East to West along a Turkish river
William ARMSTRONG - william.armstrong@hdn.com.tr
‘Meander: East to West, Indirectly, Along a Turkish River’ by Jeremy Seal (Bloomsbury USA, 416 pages, $18)The Meander River, known in Turkey as the “Büyük Menderes,” is a longitudinal squiggle that roughly bisects the westernmost reaches of the country. Ovid wrote of “soft Meander’s wanton current,” while Herodotus established “meander” as a byword signifying digression when he used it to describe a mazy stretch of the Nile. As Jeremy Seal writes at the beginning of this book, “to me, the word encapsulated the freewheeling, romantic spirit that was the essence of true traveling.” Welcoming “the freedom to drift gently downstream,” he decides to take his canoe down the Meander’s winding 500 km toward the Aegean Sea. Unafraid to embrace cliché, he writes that the journey would allow him to reflect on “the rich past of this valley on the historic borders of Asia and Europe, East and West, as well as to its present.”

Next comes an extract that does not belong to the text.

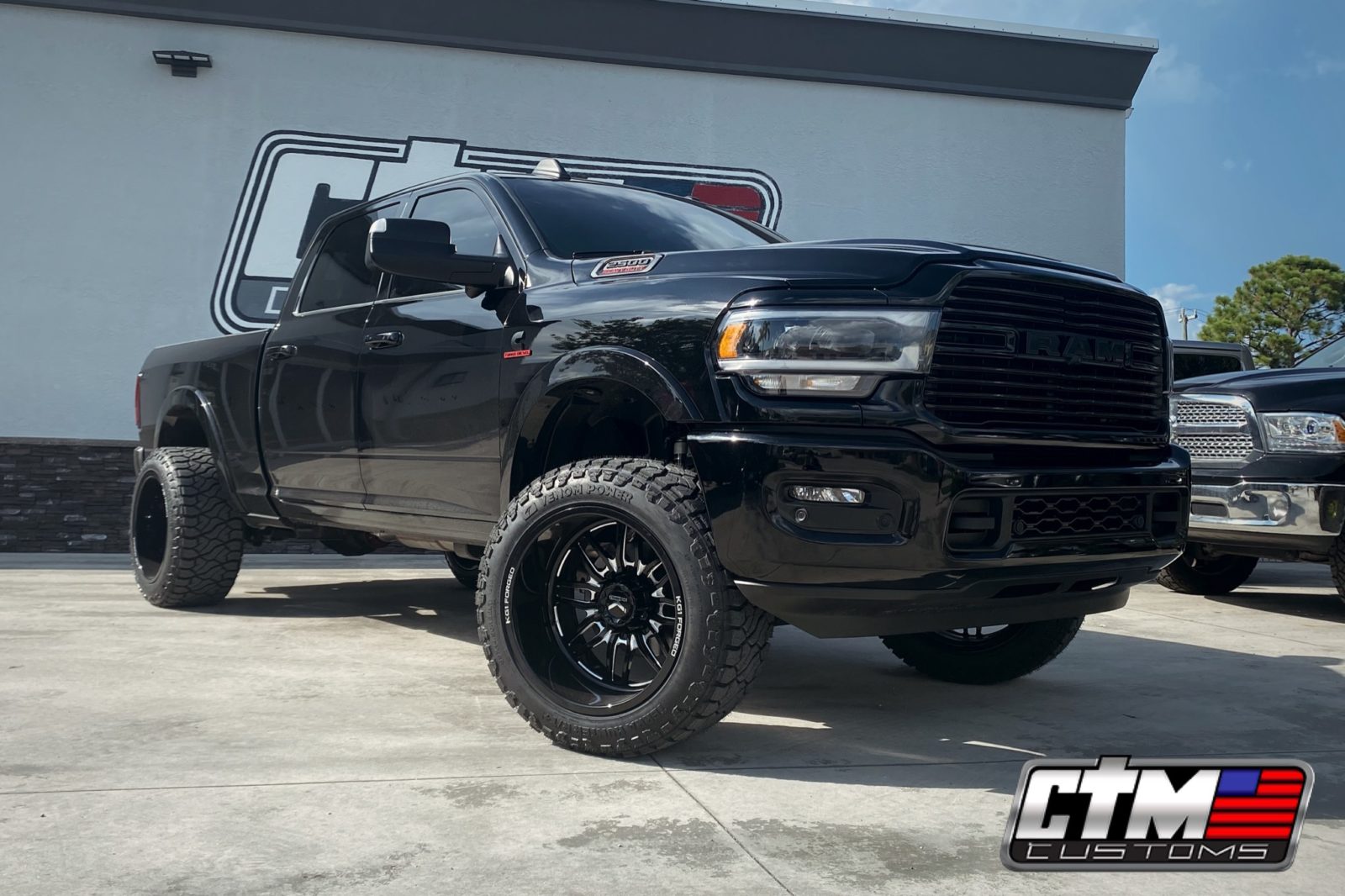 Resources CTM Customs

The resulting book weaves historical ruminations between Seal’s encounters with locals he meets along the way. The most engaging sections are the ones where those characters are used to give a layman’s guide to modern-day Turkey. He tries to detect echoes of the classical era in the present day, but more often than not finds that the contrast is ironically bathetic. On his first glimpse of the river’s source, for example, the impression couldn’t be further from Ovid: “The true Meander … I might have expected more of the moment than the green beer bottles, tins and disregarded CDs that were strewn across the shallow river bed. Nothing remained of the Persian palaces and the hunting parks.” Elsewhere, after discussing the ancient reverence for water that passed down through the Persians, Mongols and Tartars, Seal turns to the present day condition of one part of the river: “Çivril’s ornamental stream was bone-dry. And rubbish was strewn all along its concrete bed.” The locals themselves are mostly bemused when he tells them that he’s interested in soaking up the history of the place. Many assume that he must be an antiquities plunderer, or a dubious figure involved in fish farming or hydroelectricity.

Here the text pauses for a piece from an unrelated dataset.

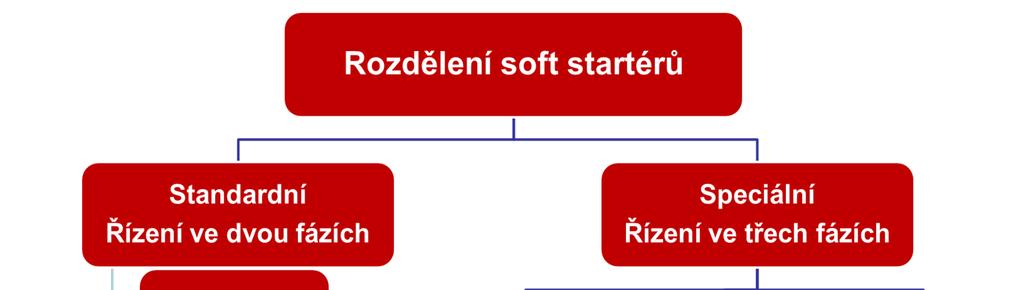 Rozdělení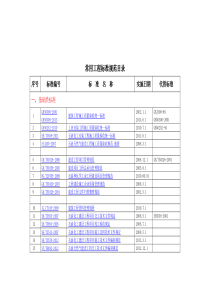 现行常用工程标准规范目录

Indeed, miniature hydroelectric dams, controversial elsewhere in Turkey, have precipitated a stark drop in water levels along much of the Meander in recent years, and have even completely dried it out in many places, compelling Seal to spend much of his journey on foot. At other points he’s forced out of his canoe by industrial effluents belched out by the factories along much of the Meander’s course - copper and lead, chromium and nitrates, chlorides and sulphides. Negotiating an assault course of bloated animal cadavers, fallen willows and industrial pollution does not make for a white knuckle thrill ride; nor is it a journey particularly redolent of the ancient territory on which the Meander is located. But Seal manages to keep his chin up and plod along, observing laconically that “the Meander was not proving the carefree experience I had imagined.”
Seal’s narrative would probably have been more sensational if he had instead chosen the Euphrates or the Tigris for his trip, and his book would likely have attracted more attention. But the Meander serves his purpose well enough. The book ultimately comes to no particular climax; instead, the author prefers to meander along eccentrically, rather like the river itself. That digressiveness may try the patience of some readers, but most will find Seal a companionable guide to Anatolia’s ancient and modern idiosyncrasies.